The poem is a single sentence divided into syntactical units by semi-colons. As the poem is read and we arrive at the end of each unit, the mind renders the unit a completion. However each persistent ‘and’ necessitates the reassessment (the re-view) of what was read before and so through the apprehension of the unit, we try to reach the whole. In this way, reading ‘The Snow Man’ is in fact like watching a snowstorm: the eyes follow a portion of flakes down until they reach their supposed journey’s end, the eye then lifts, gathering another segment in its gaze and repeats in an attempt to witness the power of the storm. It is a wonderful analogy for the process of reading and re-reading—a necessary part of loving poetry.

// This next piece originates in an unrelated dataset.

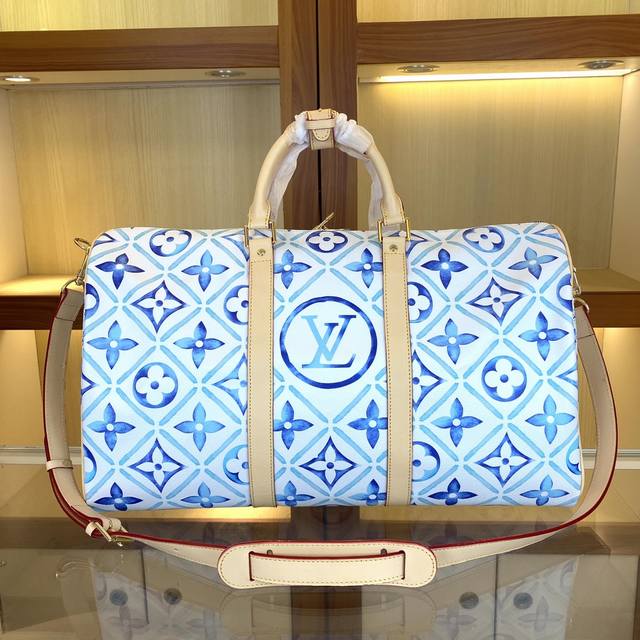 2024,最新联名款，M11251,M24901 拍摄 自家背景 年度最火，本款 Lv X YK Keepall 50结合了经典设计与标志性细节。采用Damie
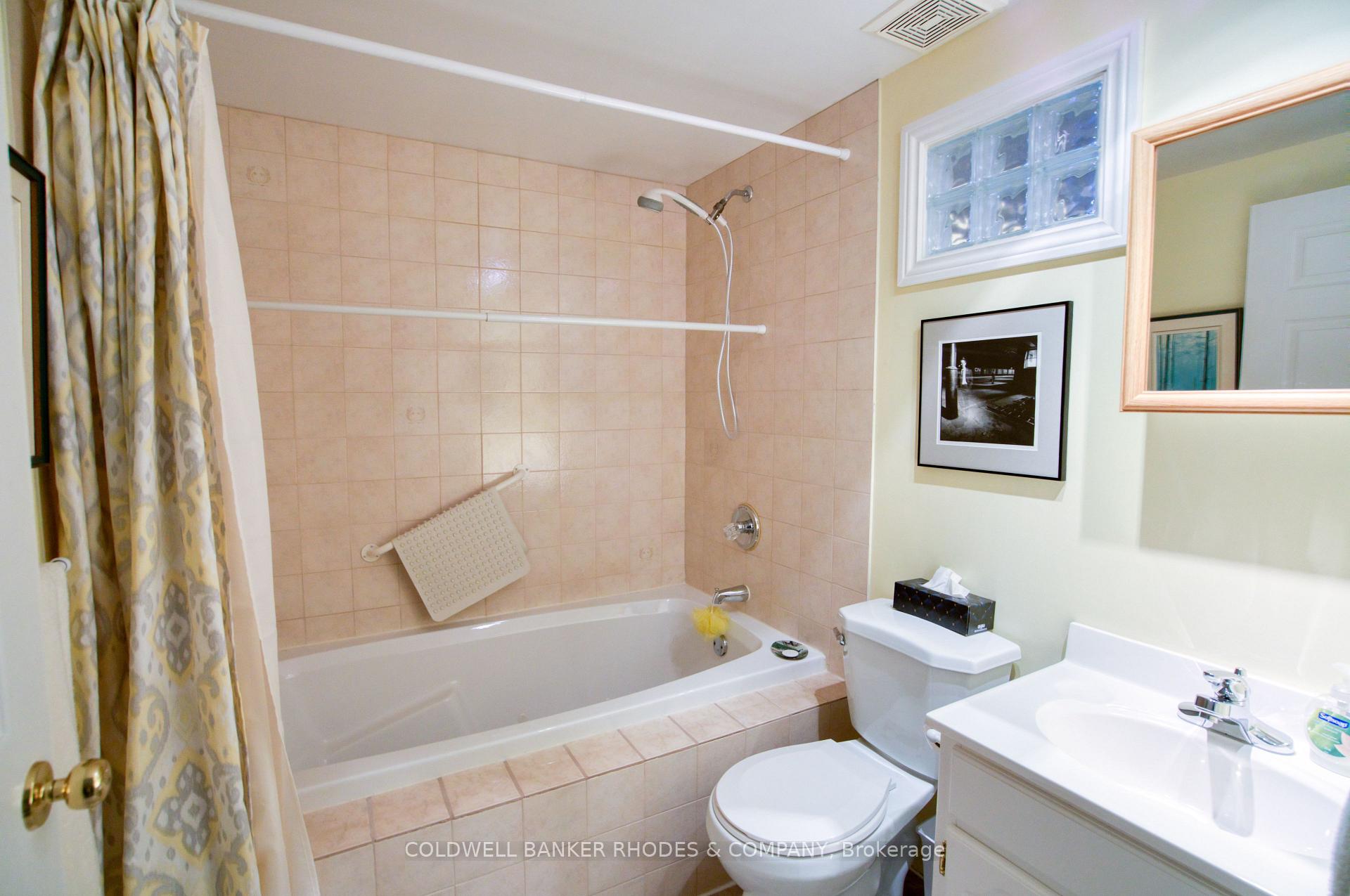 Photo 20 of 77 Quinterra Court, Ottawa, Quinterra — HOMEH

More than this, the poem is the invitation to view things as they appear to you. This poem is more pertinent than ever in a world in which we take in information ceaselessly, clicking the shiny hyperlinks and formulating our opinions based not on the content of the page but the ads that flicker beside them or the inane comments that sit beneath. In the mystic tradition, the ‘nothing that is not there and the nothing that is’ is the void, the presence of absence denoted by the snow that seems to blot out the world by creating one anew. It is the everything out of nothing. The Snow Man sees things as they are because he is constantly reevaluating his position in relation to what is observed. He is aware that he is literally made up of the world that surrounds him—he truly has ‘a mind of winter,’ being a snowman, and knows that his presence in the world is directly affected by that which is outside of him and vice versa. The form and the content of the poem are entreating the reader to stop, pay attention to what they are reading, truly understand every aspect through reanalysis, see what is there and what is not and what is there because it is not there. It is asking you to understand your personal relation to the world and formulate your own opinions accordingly.

Here’s the poem.

The Snow Man

One must have a mind of winter
To regard the frost and the boughs
Of the pine-trees crusted with snow;

And have been cold a long time
To behold the junipers shagged with ice,
The spruces rough in the distant glitter

Of the January sun; and not to think
Of any misery in the sound of the wind,
In the sound of a few leaves,

Which is the sound of the land
Full of the same wind
That is blowing in the same bare place

For the listener, who listens in the snow,
And, nothing himself, beholds
Nothing that is not there and the nothing that is.